Women and Justice: Keywords

Domestic Case Law

M v. M High Court of New Zealand (2005)

Sexual violence and rape, Domestic and intimate partner violence

This case concerns the Domestic Violence Act of 1995. Appellant sent emails, faxes, and oral communications to politicians and others, claiming that the respondent, her brother, raped her when she was 11. In Family Court, the judge concluded that the allegation of rape was unfounded and that appellant’s purpose for the communications was to shame the respondent and ruin his reputation, amounting to harassment or psychological abuse. The judge issued a protection order pursuant to the Domestic Violence Act of 1995, prohibiting appellant from further communications alleging the rape. On appeal, it was contended that, 1) the family court judge wrongly found that appellant’s behavior constituted psychological abuse or harassment, and 2) that the special conditions imposed in the protection order were unduly broad, infringing upon the appellant’s freedom of expression under the New Zealand Bill of Rights Act (NZBORA). The High Court rejected the first ground of appeal.

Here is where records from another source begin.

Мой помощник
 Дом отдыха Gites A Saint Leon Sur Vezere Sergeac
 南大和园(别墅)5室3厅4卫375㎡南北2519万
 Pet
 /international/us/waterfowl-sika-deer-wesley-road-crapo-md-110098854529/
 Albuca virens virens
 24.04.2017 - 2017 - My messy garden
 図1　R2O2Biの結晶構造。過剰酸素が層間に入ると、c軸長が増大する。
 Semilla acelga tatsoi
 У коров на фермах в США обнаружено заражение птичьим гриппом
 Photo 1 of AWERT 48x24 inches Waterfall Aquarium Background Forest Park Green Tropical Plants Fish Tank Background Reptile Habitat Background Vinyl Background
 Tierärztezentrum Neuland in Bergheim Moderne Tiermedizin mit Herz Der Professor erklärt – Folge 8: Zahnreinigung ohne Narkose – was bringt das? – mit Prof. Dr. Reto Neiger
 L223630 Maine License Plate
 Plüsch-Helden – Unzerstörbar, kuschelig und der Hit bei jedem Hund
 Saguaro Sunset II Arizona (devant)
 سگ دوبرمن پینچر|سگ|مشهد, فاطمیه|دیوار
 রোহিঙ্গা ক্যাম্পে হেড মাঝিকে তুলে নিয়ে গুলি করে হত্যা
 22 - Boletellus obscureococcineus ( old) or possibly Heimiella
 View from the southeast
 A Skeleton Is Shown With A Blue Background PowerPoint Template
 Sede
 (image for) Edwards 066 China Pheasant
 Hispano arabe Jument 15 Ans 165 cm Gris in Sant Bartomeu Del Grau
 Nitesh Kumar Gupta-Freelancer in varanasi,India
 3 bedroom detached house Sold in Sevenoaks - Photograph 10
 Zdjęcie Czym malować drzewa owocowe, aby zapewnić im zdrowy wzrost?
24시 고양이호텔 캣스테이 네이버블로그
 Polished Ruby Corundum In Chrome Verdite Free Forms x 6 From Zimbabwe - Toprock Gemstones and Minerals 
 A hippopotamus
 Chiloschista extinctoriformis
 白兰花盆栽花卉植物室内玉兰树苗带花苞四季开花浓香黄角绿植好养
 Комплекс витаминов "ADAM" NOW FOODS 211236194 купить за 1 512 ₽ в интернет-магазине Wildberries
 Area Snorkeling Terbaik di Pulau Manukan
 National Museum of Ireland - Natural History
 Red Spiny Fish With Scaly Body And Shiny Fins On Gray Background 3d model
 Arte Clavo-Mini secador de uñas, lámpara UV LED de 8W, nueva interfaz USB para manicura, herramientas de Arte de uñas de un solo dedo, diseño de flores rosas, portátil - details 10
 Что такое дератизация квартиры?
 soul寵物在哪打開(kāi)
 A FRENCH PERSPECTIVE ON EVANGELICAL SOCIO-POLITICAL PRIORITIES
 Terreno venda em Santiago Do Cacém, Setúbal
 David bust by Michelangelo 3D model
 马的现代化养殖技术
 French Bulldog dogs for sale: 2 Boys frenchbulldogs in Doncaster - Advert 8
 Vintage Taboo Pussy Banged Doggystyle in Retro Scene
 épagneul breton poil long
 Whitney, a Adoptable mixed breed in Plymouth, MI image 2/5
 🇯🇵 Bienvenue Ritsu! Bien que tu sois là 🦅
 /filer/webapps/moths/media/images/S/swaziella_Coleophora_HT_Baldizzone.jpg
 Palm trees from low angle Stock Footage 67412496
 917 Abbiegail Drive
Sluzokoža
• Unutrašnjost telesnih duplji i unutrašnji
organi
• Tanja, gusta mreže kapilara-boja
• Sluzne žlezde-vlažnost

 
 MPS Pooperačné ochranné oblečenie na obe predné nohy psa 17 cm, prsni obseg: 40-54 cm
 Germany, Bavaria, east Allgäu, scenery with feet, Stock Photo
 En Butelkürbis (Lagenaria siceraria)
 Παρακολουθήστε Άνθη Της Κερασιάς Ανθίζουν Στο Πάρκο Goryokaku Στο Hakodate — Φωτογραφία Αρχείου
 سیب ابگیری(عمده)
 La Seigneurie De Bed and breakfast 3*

As to the second, the High Court read the Domestic Violence Act narrowly, saying that the legislature could not have intended to pass a bill that would conflict with the NZBORA. The High Court would modify the Family Court Judge’s protection order only to qualify that appellant is not precluded from discussing the matter with other family members, attorneys, or law enforcement, thereby preserving her rights under NZBORA. The High Court also approved a Constitutional Court holding that the right of freedom of expression extends to a woman’s right to use her own name in connection with her status as a victim of sexual abuse.